Spazioprever lezioni in rete - I.I.S. "A. Prever" Pinerolo
Primo Levi e Jean Samuel (“Pikolo”), un’amicizia nell’inferno di Auschwitz
Ancora oggi mi interrogo su questo mistero della memoria: entrambi [io e Primo Levi] abbiamo avuto la sensazione
di un incontro cruciale, indimenticabile, eppure quel ricordo non si fondava sugli stessi gesti, sulle stesse
parole, sulle stesse emozioni.
[Jean Samuel]
Giovane ebreo di Wasselonne (vicino a Strasburgo, in Alsazia), fu arrestato nel marzo 1944 e deportato ad Auschwitz. Studente di farmacia, come Primo Levi condivideva la passione per le materie scientifiche. Scambiò due tozzi di pane in campo di concentramento (dove il cibo possedeva un valore inestimabile) per due tomi di analisi matematica, che nascose e studiò di notte durante la sua prigionia ad Auschwitz.
Oscillò la scaletta di corda che pendeva dal portello: qualcuno veniva. […] Era solo Jean, il Pikolo del nostro Kommando.
Jean era uno studente alsaziano benché avesse ventiquattro anni, era il più giovane [prigioniero] del Kommando chimico.
Era perciò toccata a lui la carica di Pikolo, vale a dire di fattorino-scritturale, addetto alle pulizie della baracca,
alle consegne degli attrezzi, alla lavatura delle gamelle, alla contabilità delle ore di lavoro del Kommando. […]

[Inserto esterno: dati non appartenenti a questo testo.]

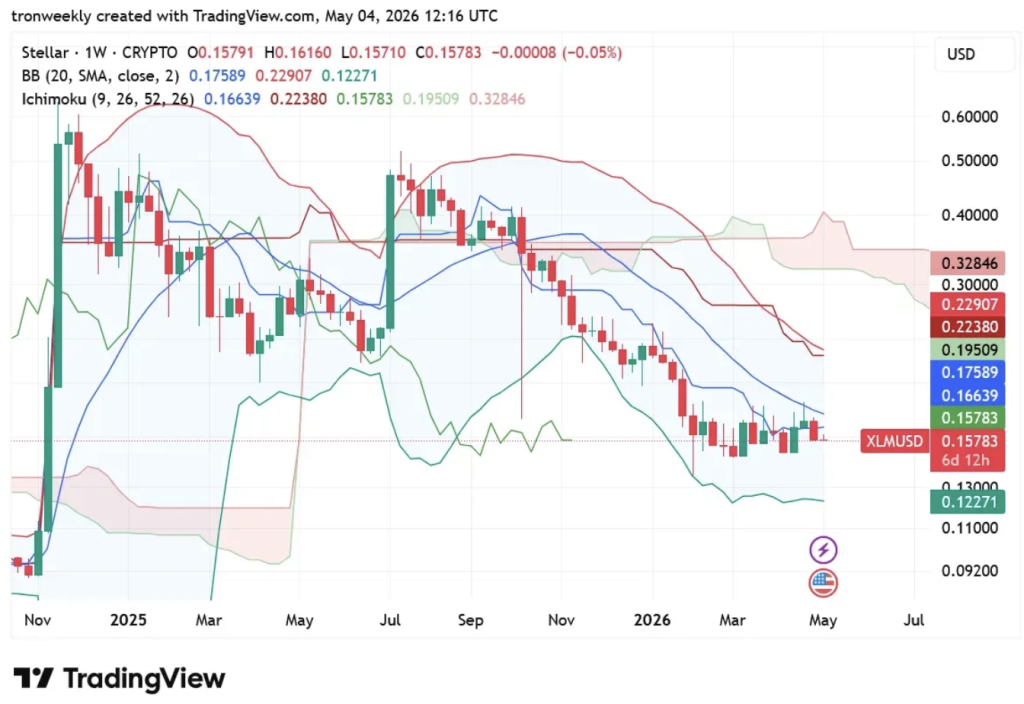 Xlm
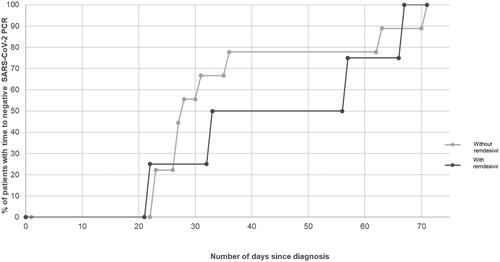 Figure 1. Cumulative percentage frequency curve of time to negative SARS-CoV-2 PCR (in days).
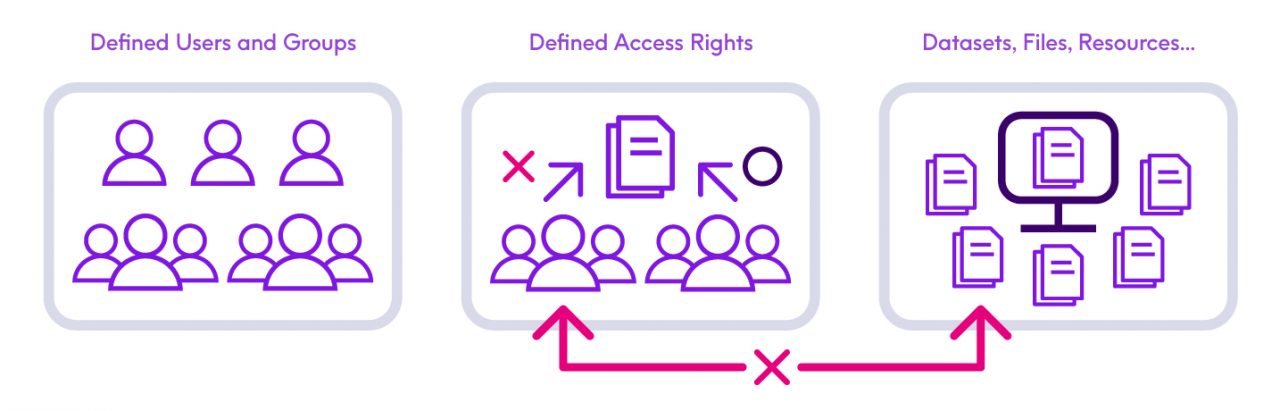 Mainframe Security Solutions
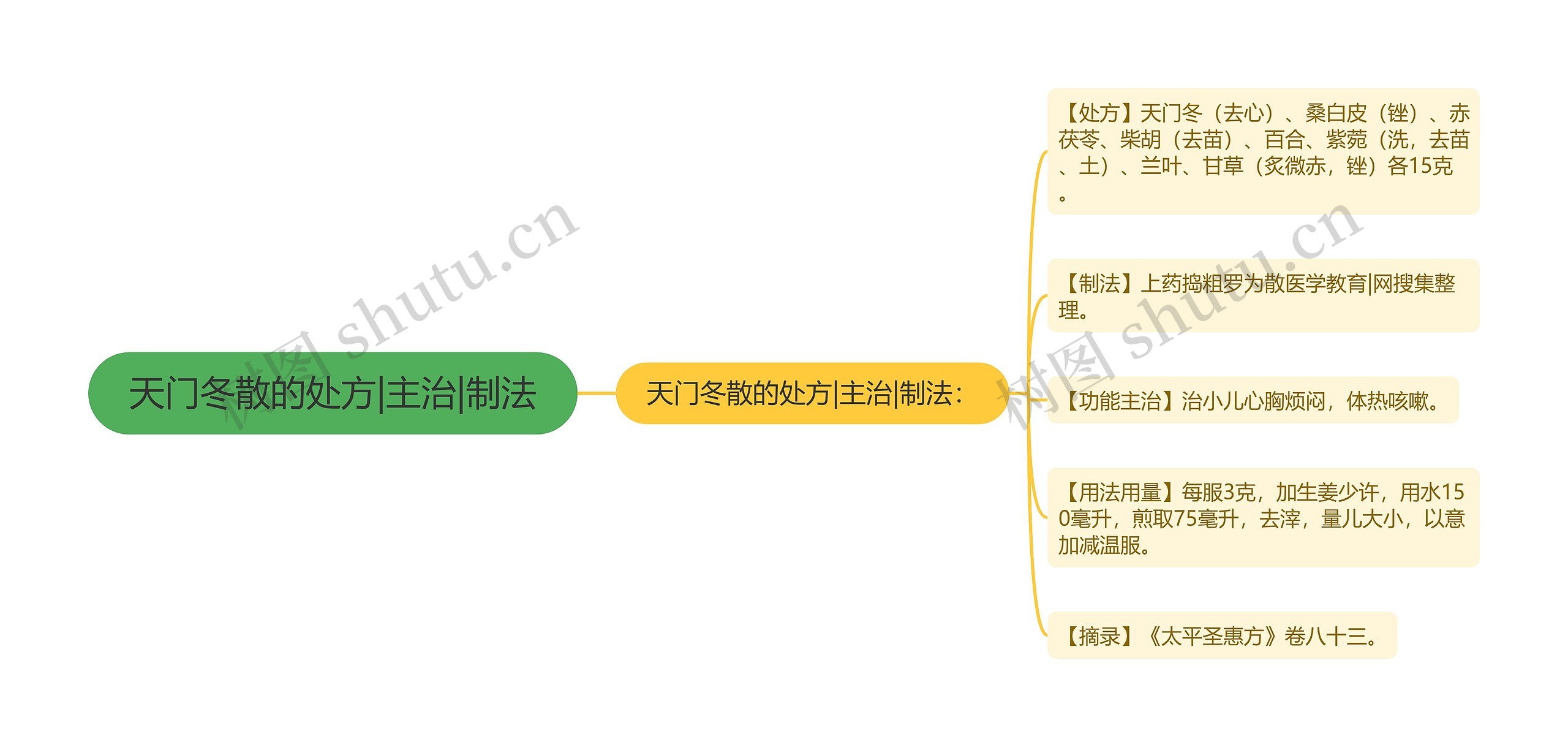 天门冬散的处方|主治|制法思维导图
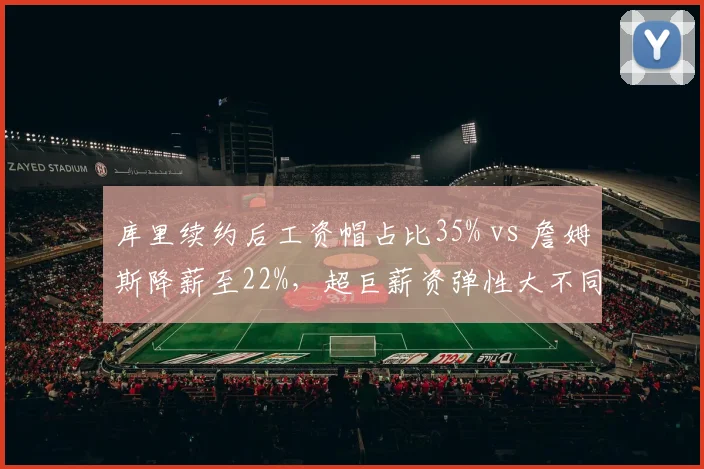 库里续约后工资帽占比35% vs 詹姆斯降薪至22%,超巨薪资弹性大不同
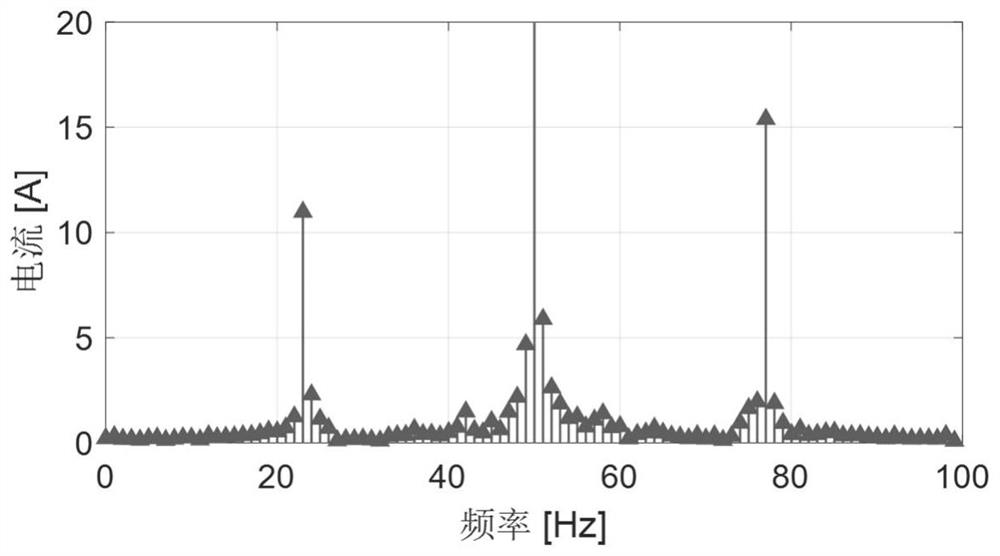 New energy power generation oscillation suppression method and system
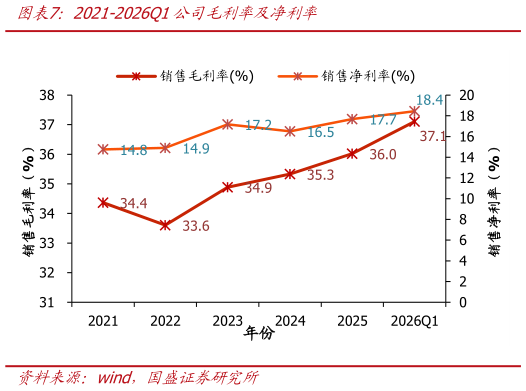各位网友请教一下2021-2026Q1公司毛利率及净利率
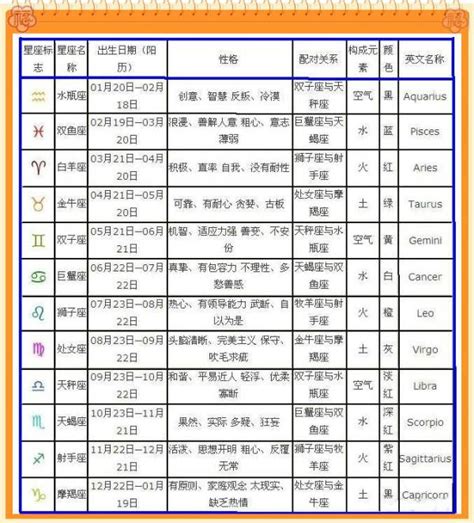 10月14日出生的人|10月14日出生的星座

Il Pikolo (che di solito non ha più di diciassette anni) non lavora manualmente, ha mano libera sui fondi della marmitta
del rancio e può stare tutto il giorno vicino alla stufa.[…]
Jean era un Pikolo eccezionale. Era scaltro e fisicamente
robusto, e insieme mite e amichevole: pur conducendo con tenacia e coraggio la sua lotta contro il campo e contro la morte,
non trascurava di mantenere rapporti umani coi compagni meno privilegiati.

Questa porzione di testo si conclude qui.